No pictures belong in the copy. Restate the rest of the data exactly.

***** PROVIDED RECORDS *****

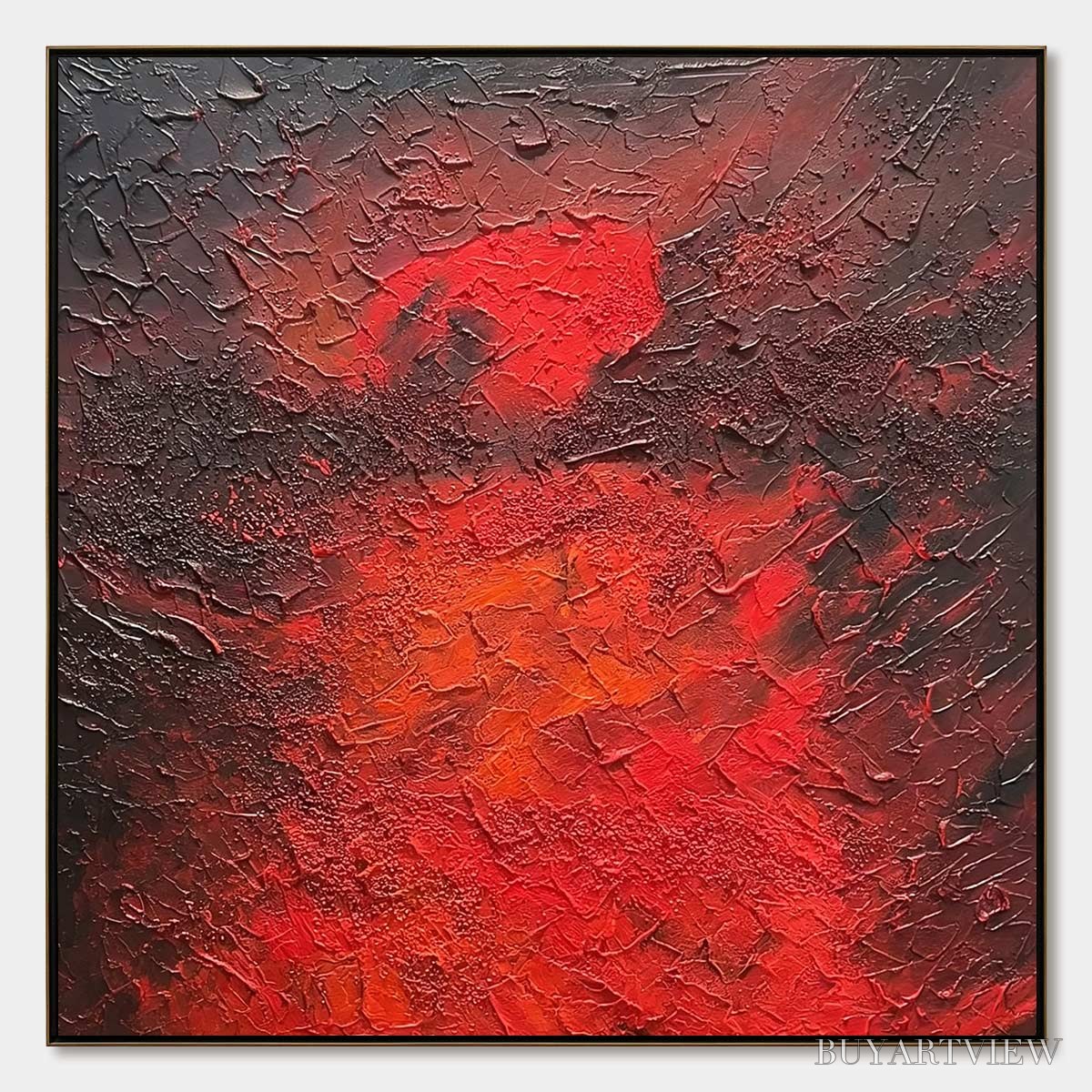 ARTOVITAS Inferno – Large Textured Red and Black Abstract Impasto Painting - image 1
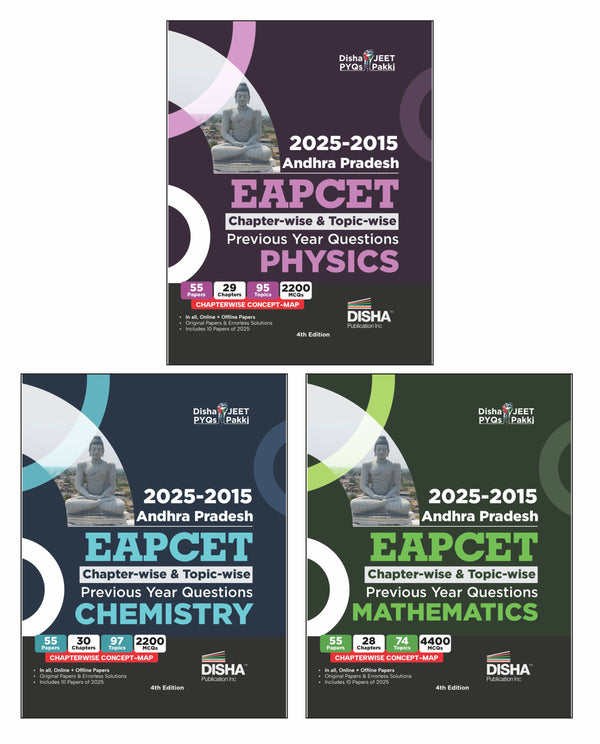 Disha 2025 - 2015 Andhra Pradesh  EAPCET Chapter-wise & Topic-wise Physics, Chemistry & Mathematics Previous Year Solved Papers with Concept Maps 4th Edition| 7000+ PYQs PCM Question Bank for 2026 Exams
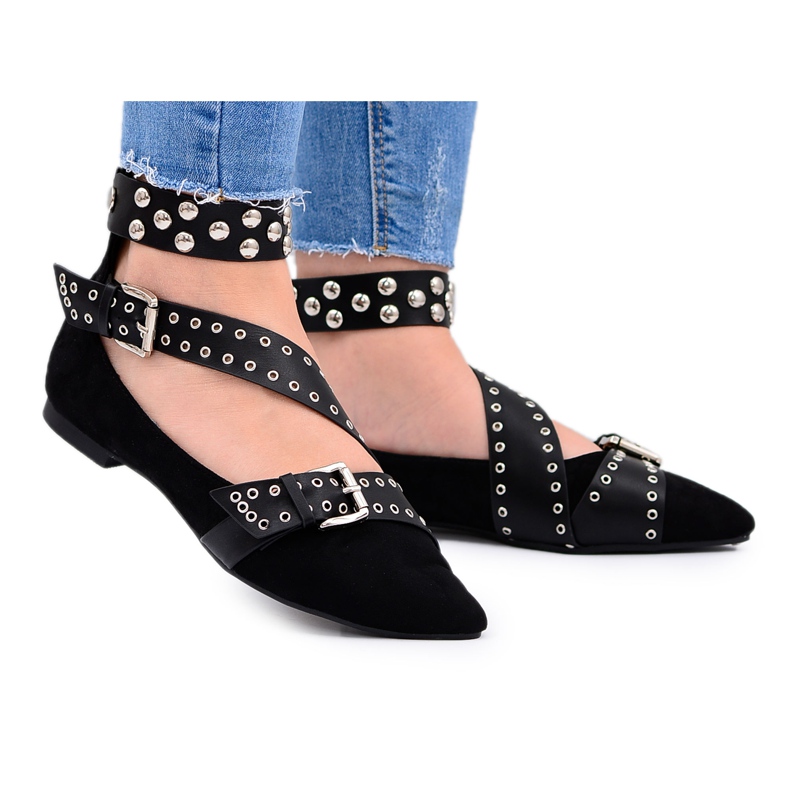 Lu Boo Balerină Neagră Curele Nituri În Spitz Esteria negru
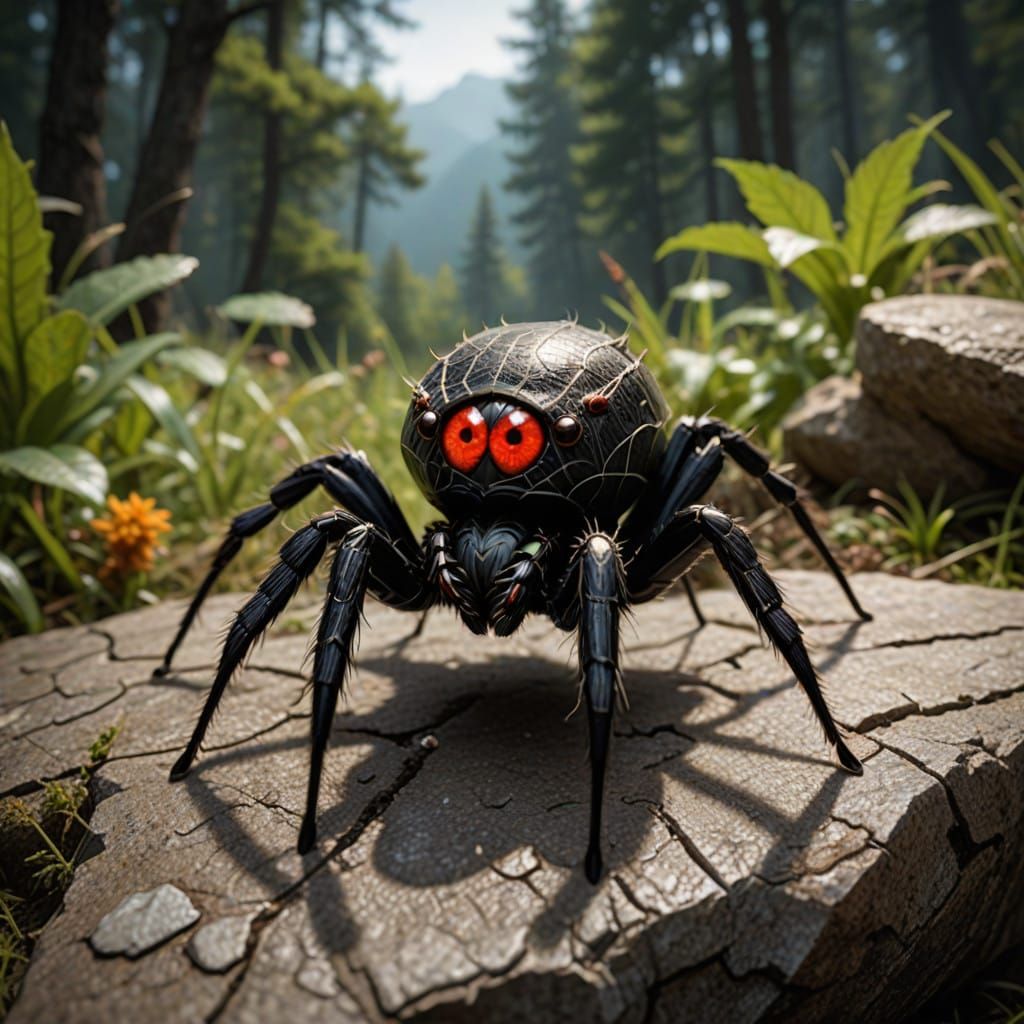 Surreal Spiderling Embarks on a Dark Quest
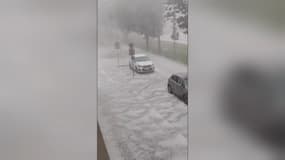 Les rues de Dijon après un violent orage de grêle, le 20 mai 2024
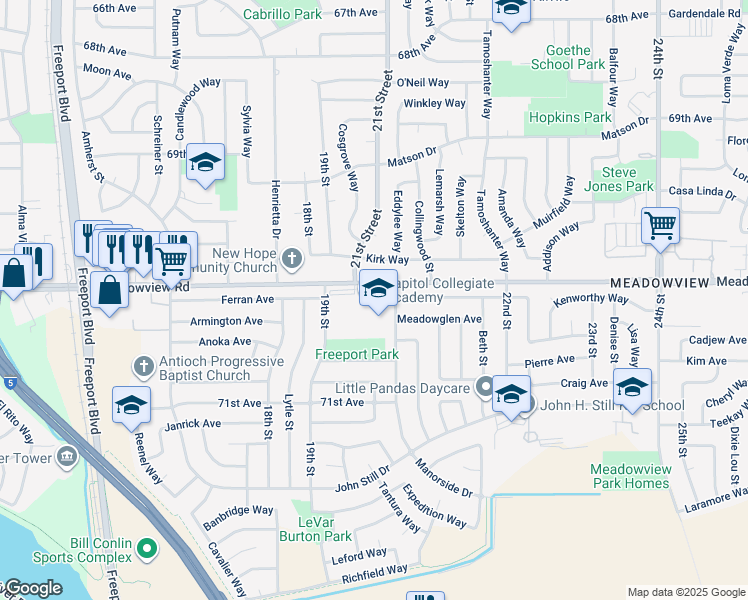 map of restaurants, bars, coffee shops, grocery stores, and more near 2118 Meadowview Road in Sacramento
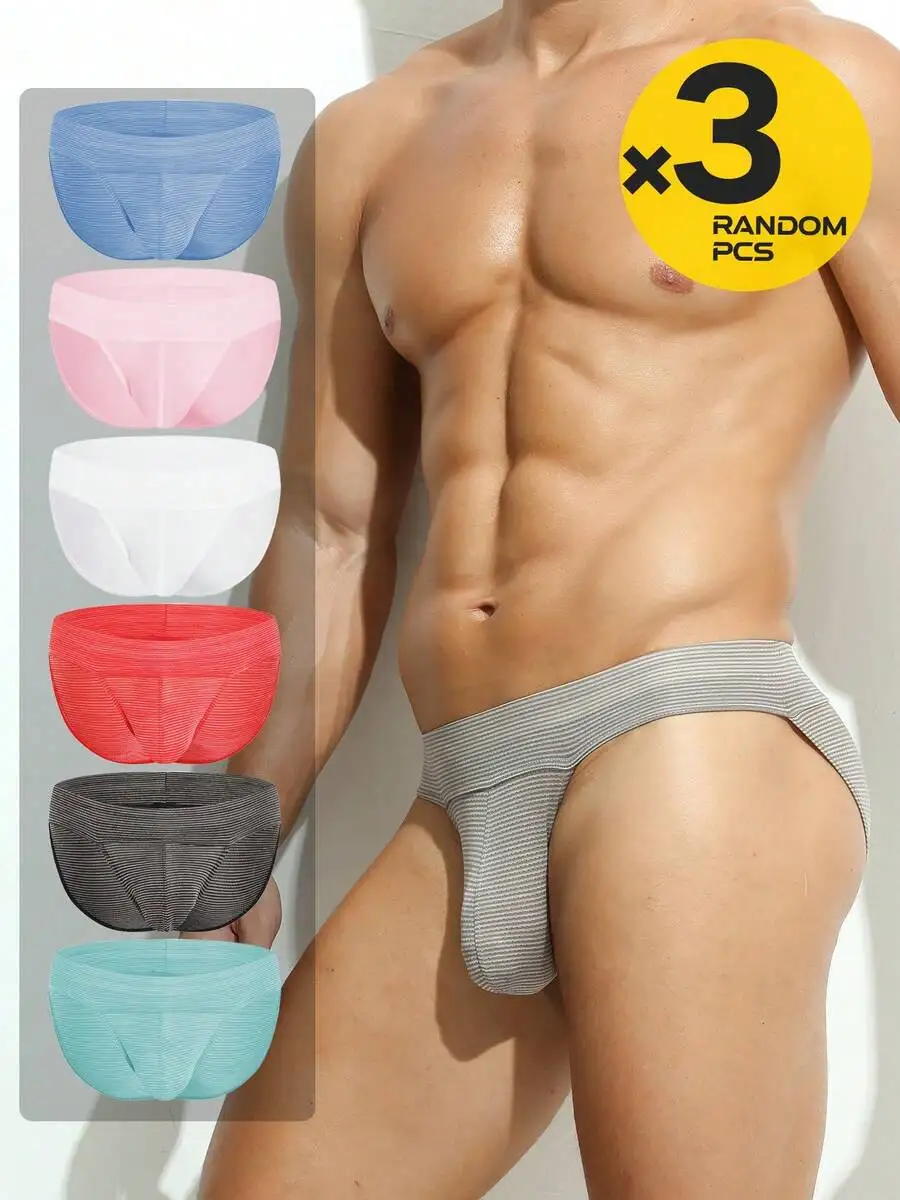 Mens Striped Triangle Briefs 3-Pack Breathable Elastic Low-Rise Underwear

*****

### [RESULT FOR THIS TASK]
 ARTOVITAS Inferno – Large Textured Red and Black Abstract Impasto Painting - image 1
 Disha 2025 - 2015 Andhra Pradesh  EAPCET Chapter-wise & Topic-wise Physics, Chemistry & Mathematics Previous Year Solved Papers with Concept Maps 4th Edition| 7000+ PYQs PCM Question Bank for 2026 Exams
 Lu Boo Balerină Neagră Curele Nituri În Spitz Esteria negru
 Surreal Spiderling Embarks on a Dark Quest
 Les rues de Dijon après un violent orage de grêle, le 20 mai 2024
 map of restaurants, bars, coffee shops, grocery stores, and more near 2118 Meadowview Road in Sacramento
 Mens Striped Triangle Briefs 3-Pack Breathable Elastic Low-Rise Underwear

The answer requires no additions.